_Task_
Your copy of the entries below should hold exactly the lines from the one containing "Group of students" to the one containing "Giornata mondiale del", inclusive, and no pictures.

_Provided information_
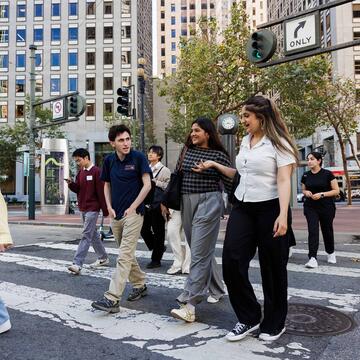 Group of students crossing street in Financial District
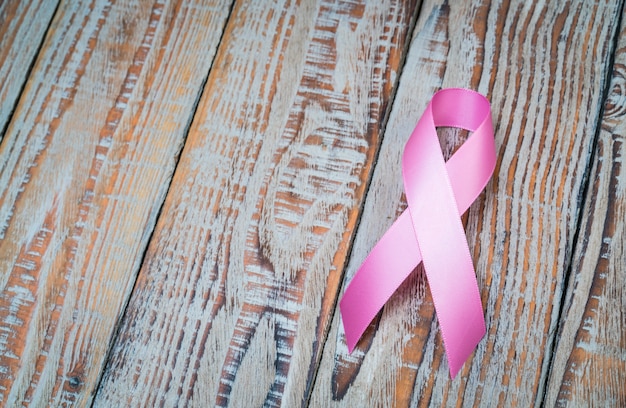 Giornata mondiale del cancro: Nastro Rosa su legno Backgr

---

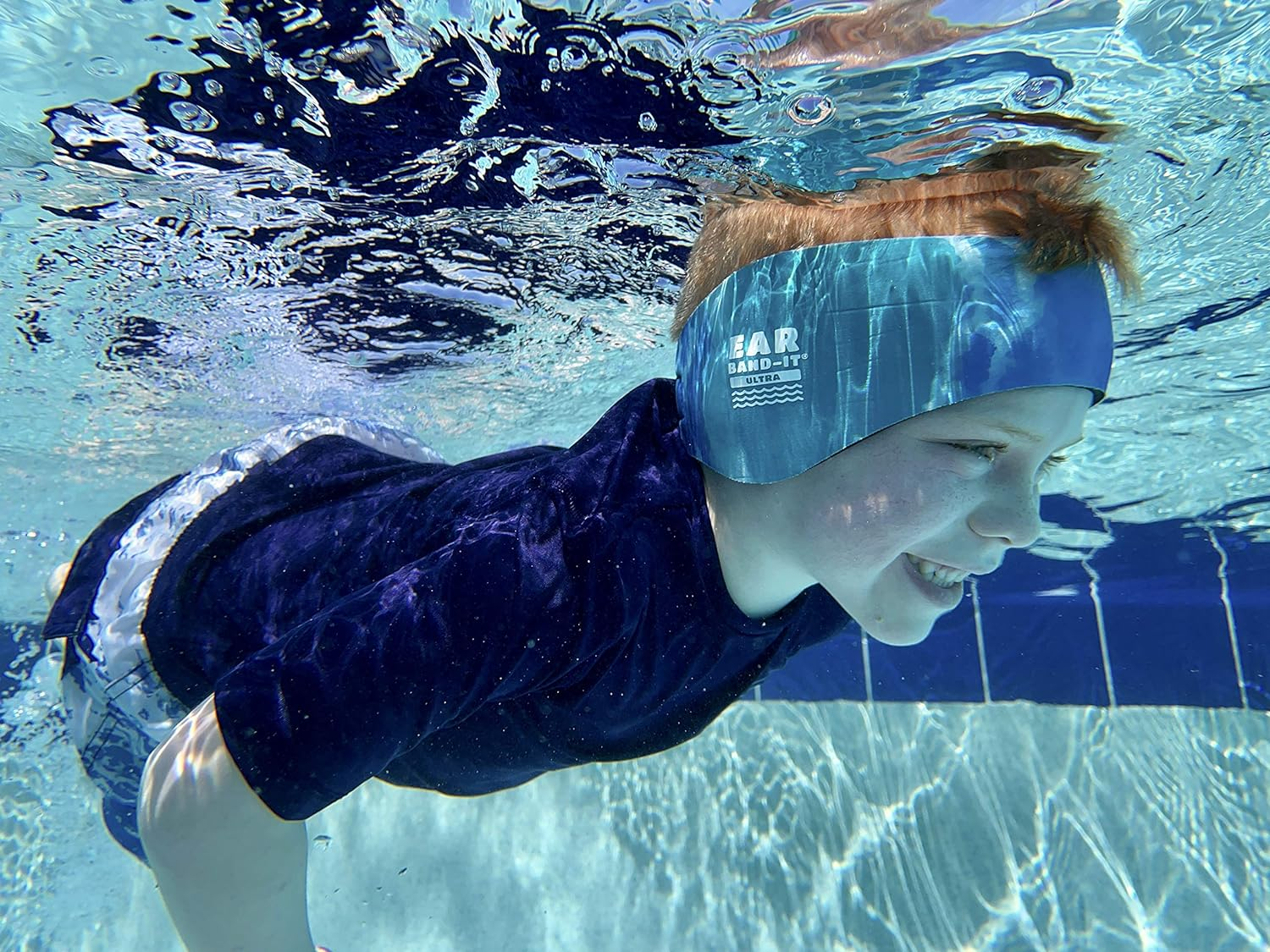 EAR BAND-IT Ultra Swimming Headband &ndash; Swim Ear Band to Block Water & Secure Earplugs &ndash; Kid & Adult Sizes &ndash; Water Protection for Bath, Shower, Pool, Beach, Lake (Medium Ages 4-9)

...

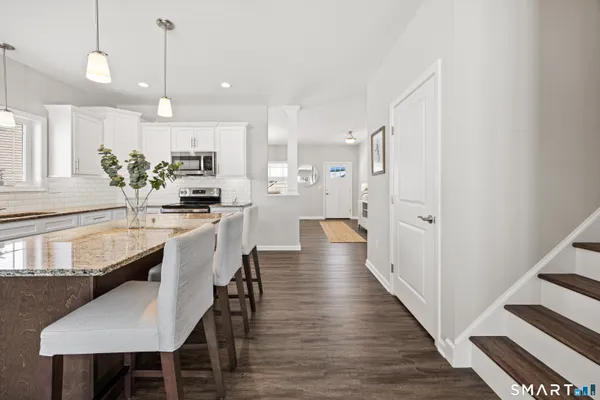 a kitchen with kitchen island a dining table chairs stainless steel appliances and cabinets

_Written response_
 Group of students crossing street in Financial District
 Giornata mondiale del cancro: Nastro Rosa su legno Backgr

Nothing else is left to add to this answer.